Le fleuve qui traverse l’histoire

Une seconde étape de recontextualisation se manifeste dans les lettres 26 et 37. En voici l’objectif : «  découvrir la force qui a donné naissance à la Congrégation »  801 . La métaphore du «  fleuve » apparaît en effet, pour la première fois, en mai 1977, dans la 26ème lettre. Transcrivons intégralement ce passage, pour en respecter la force d’évocation ainsi que le charme de l’écriture.

‘« Je voudrais achever cette lettre par une image résumant mon expérience :
D’abord je me suis demandé comment et par où devait couler le fleuve.
Ensuite j’ai compris que le plus important était qu’il y ait de l’eau dans ce fleuve.
A Joigny, j’ai trouvé la source.
Et tout au long de mon voyage, j’ai senti que l’eau était vive et courait déjà.
C’est pourquoi cette lettre est chargée de joie » 802 . ’

Le texte, à lui seul, se passerait de commentaire. Soulignons-en, toutefois, la datation. Cette lettre est écrite six mois après le Chapitre de 1976 dont l’objectif était «  de discerner » l’identité institutionnelle, de voir «  comment glorifier le Cœur de Jésus-Christ souffrant dans l’humanité »  803 . La réponse a constitué une réelle avancée dans le processus de renouveau et d’adaptation du service éducatif, comme nous l’avons déjà constaté. La joie et la sérénité qui transparaissent dans cette 26ème lettre en sont, d’ailleurs, le signe  804 . Une étape a été franchie. Le processus de renouveau peut se poursuivre. C’est d’ailleurs ce à quoi la supérieure générale encourage en ces termes :  «  J’ai vu que la force de son amour est présente en tous les âges. «  Les pensées de son Cœur demeurent de génération en génération » Ps.32. Que sa flamme nous purifie, nous fasse sortir de l’ankylose provoquée par le passage du temps »  805 .

Quatre ans après, le 25 mars 1980, une nouvelle étape du travail collectif est annoncée.« Etape, est-il précisé, de responsabilité personnelle et communautaire pour veiller à ce que le texte de 1982 soit fidèle au charisme, stimule et soutienne notre élan apostolique, et exprime mieux notre mission d’Eglise ». Dix circulaires accompagneront cette dernière phase aboutissant à la rédaction des nouvelles Constitutions. Mais déjà, deux consignes sont données : méditer le projet de ces futures Constitutions, de manière à pouvoir « participer ensuite, avec lucidité et sens critique, à la prochaine étape » de travail ; dans l’immédiat, « découvrir » ce qui peut « empêcher de répondre avec liberté »  806 . La démarche proposée ne diffère pas de celle que préconisait J.Varin, à des moments sensibles de la fondation. Prendre les moyens d’une juste distanciation des problèmes, de manière à pouvoir nommer les résistances et, ainsi, à s’en libérer.

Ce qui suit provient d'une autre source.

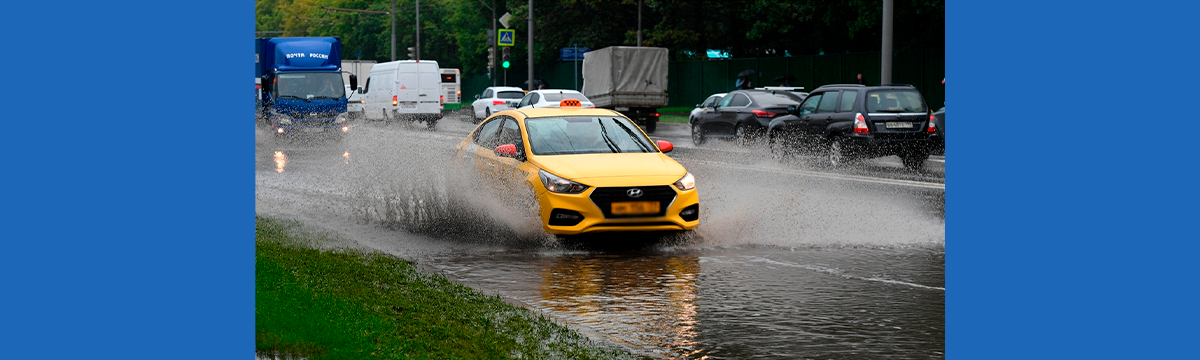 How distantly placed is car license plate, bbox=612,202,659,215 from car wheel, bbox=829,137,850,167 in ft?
33.5

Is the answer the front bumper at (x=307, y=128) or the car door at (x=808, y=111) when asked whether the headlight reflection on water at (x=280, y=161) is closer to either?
the front bumper at (x=307, y=128)

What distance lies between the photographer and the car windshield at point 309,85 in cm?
3070

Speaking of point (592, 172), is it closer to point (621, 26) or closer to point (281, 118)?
point (281, 118)

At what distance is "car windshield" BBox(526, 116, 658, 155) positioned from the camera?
11.2m

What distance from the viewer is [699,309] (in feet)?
24.5

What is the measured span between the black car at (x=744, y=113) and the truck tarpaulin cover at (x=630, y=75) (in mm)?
11988

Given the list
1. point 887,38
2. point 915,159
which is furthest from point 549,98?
point 915,159

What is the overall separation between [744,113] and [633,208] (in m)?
15.9

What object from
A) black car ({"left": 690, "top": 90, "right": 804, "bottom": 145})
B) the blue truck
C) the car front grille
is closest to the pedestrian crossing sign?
the blue truck

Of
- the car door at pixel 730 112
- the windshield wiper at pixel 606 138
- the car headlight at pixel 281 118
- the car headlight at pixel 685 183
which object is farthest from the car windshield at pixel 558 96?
the car headlight at pixel 685 183

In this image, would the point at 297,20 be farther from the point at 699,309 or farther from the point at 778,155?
the point at 699,309

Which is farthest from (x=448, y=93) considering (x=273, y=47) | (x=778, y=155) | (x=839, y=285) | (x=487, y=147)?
(x=839, y=285)

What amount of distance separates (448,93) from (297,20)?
1431 centimetres

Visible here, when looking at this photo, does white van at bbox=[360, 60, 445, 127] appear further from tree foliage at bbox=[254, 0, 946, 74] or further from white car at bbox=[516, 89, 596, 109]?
tree foliage at bbox=[254, 0, 946, 74]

Cette 37ème circulaire présente, aussi et surtout, un nouvel enracinement biblique. Adressée comme la première lettre à chaque membre de l’Institut, elle accompagne le document préparatoire des nouvelles Constitutions, résultat et aboutissement de la collaboration collective de 6000 religieuses de 40 pays différents. «  Ces pages, dit la supérieure générale, sont l’écho des désirs exprimés par les provinces, après ces années d’incertitude et de recherche sincère ; elles sont le fruit de notre cheminement d’Eglise ; elles sont la mémoire d’un passé où nous reconnaissons l’action de l’Esprit ; elles sont la conscience d’un appel commun toujours ancien et toujours nouveau ». Les quatre caractéristiques, «  écho, fruit, mémoire, conscience », évoquent à elles seules les étapes d’un renouveau institutionnel. La trajectoire, exprimée sur un registre psychologique, part du désir pour aboutir à la conscience, en passant par la référence à la tradition et un nouveau mode d’être en Eglise. Elle souligne l’implication collective et la dimension internationale du corps apostolique 807 . De plus, un tel langage peut convenir à toutes car il rejoint l’image thomiste de la personne, comme celles de conceptions plus modernes, d’E. Mounier ou de P. Ricœur. Mais, aussi et surtout, ce tracé aboutit à l’enracinement du processus lui-même dans la parole biblique.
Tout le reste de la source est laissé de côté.